L'inhumation à faible profondeur dans un linceul est la manière la plus écologique de retourner à la terre, et pourtant elle n'est pas autorisée en France aujourd'hui. Cette œuvre est une protestation pacifique et poétique, l’incarnation textile de notre plaidoyer pour avoir le droit de passer de nos formes humaines à des formes végétales, de nourrir la terre qui nous a nourris. Nous désirons nous voir accorder le droit et les moyens de ne faire qu'un avec des terres sanctuarisées, comme les forêts cimetières, au moment de notre mort. Puisque ce mode de sépulture nous est impossible aujourd'hui, nous entrelaçons nos propres fibres avec celles d’une plante, le chanvre, afin de créer un “assemblage” plante-animal.
Cette entité quercus-capillo-cannabique créée un rhizome qui dit notre désir de retour au végétal à notre mort. De nombreuses civilisations ont considéré les arbres comme des êtres psychopompes, des compagnons de voyage des morts, au rôle sacré. En s'ancrant profondément dans le sol, ils étirent leurs branches vers le ciel, jetant ainsi un pont entre le monde souterrain et les cieux. Cette pièce symbolise l’intime parenté qui se forme avec ces créatures lentes et paisibles lors d'un enterrement naturel.

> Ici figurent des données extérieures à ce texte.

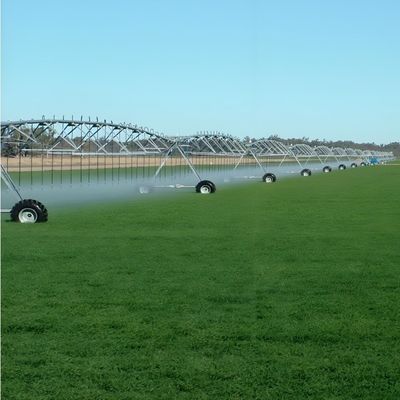 Économie d'énergie et rigidité élevée Système d'irrigation pivoté central agricole pour les exploitations agricoles de 1 à 100 hectares Remorquage latéral mobile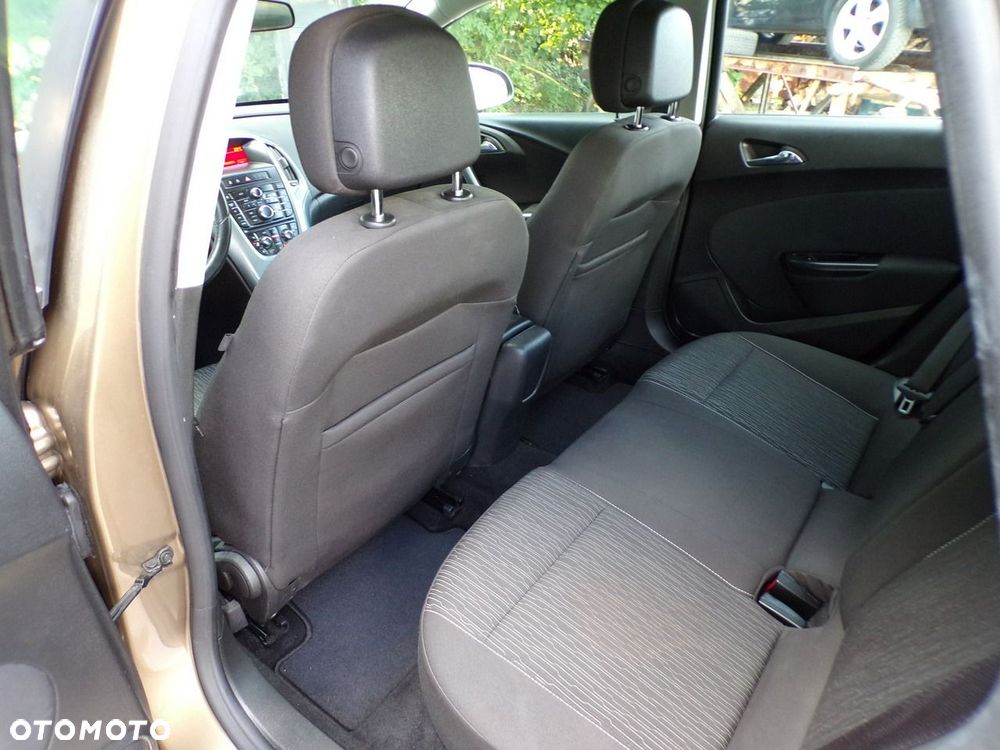 Opel Astra - 29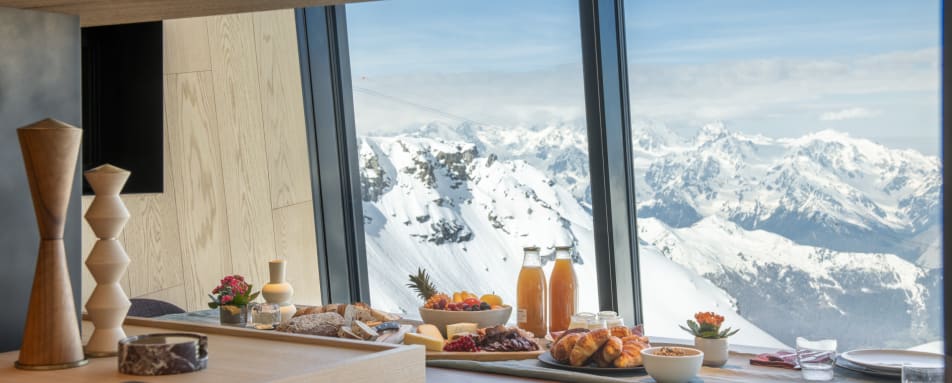 Breakfast with a view 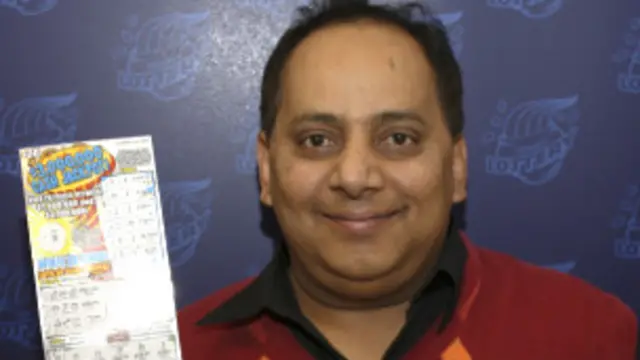 उरूज खान के कई ड्राइ क्लीनिंग स्टोर थे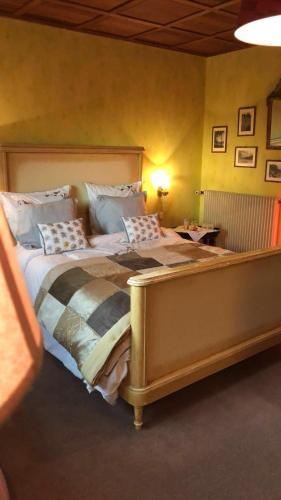 a bedroom with a large bed in a room at La Maison de juliette in Saint-Hippolyte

Ici, le neurone hybridé symbolise la grande capacité de pensée et d'action de l'humanité, et la portée profonde de ce potentiel lorsque nos esprits s'appliquent à changer de pratiques. La structure en forme de toile ressemble à une ville, au mycélium, au world wide web... Ce qui reflète le moyen par lequel nous avons obtenu les cheveux pour la créer : Juliette et moi avons envoyé des demandes sur nos réseaux sociaux pour obtenir des cheveux de personnes qui adhèrent à notre envie de cimetières forêts. En réponse, nous avons reçu des cheveux d'amis, de membres de nos familles ainsi que de parfaits inconnus. Cette généalogie idéologique se reflète dans la composition génétique des cheveux qui constituent l'œuvre.